Overactive Victimhood

One of our cultural contagions is overactive victimhood. Everyone is a victim of something and, once a victim, always a victim. This isn’t to deny longstanding results of being sinned against, or even the existence of permanent scars. It is to say that a person’s identity does not need to be in victimness.

Christians should be able to show how this is done and to provide a way to talk about identity according to the gospel.

When Jesus saves, He saves us into a new identity. Peter wrote:

Once you were not a people, but now you are God’s people; once you had not received mercy, but now you have received mercy. (1 Peter 2:10)

Salvation changes our status. It gives us a testimony, and that testimony doesn’t deny the past. Our testimony acknowledges the past as the past on the way to affirming what is true now. We were lost, now we’re found. We we’re blind, now we see. We were dead, He has made us alive. We remember where we were in order to rejoice in who we are.

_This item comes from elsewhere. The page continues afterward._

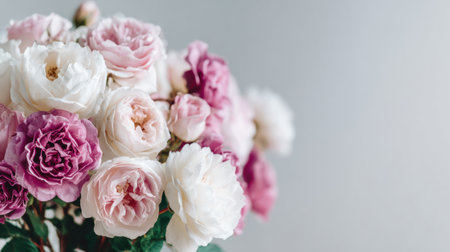 Softly blurred edges of a lovely bouquet featuring pink and white roses create a romantic atmosphere perfect for special moments.の素材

Of course we were not the only victim in our testimony. We were also the offenders in a previous situation. In order for our offense to be forgiven, Jesus had to die. Jesus will always be known as the sacrificial victim, but the victim who volunteered and who won. He is the “Lamb standing as though it had been slain” (Revelation 5:6). We will never forget His suffering, but His suffering will forever be a cause, not of sadness, but of celebration. His sacrifice purchased our eternal life. It belongs with His mercy that caused us to be born again to a living hope through the resurrection of Jesus Christ from the dead.

We are the house of the Lord. We are His dwelling place, an assembly of those who have received mercy by the blood of the Lamb, and God is pleased to eat with us.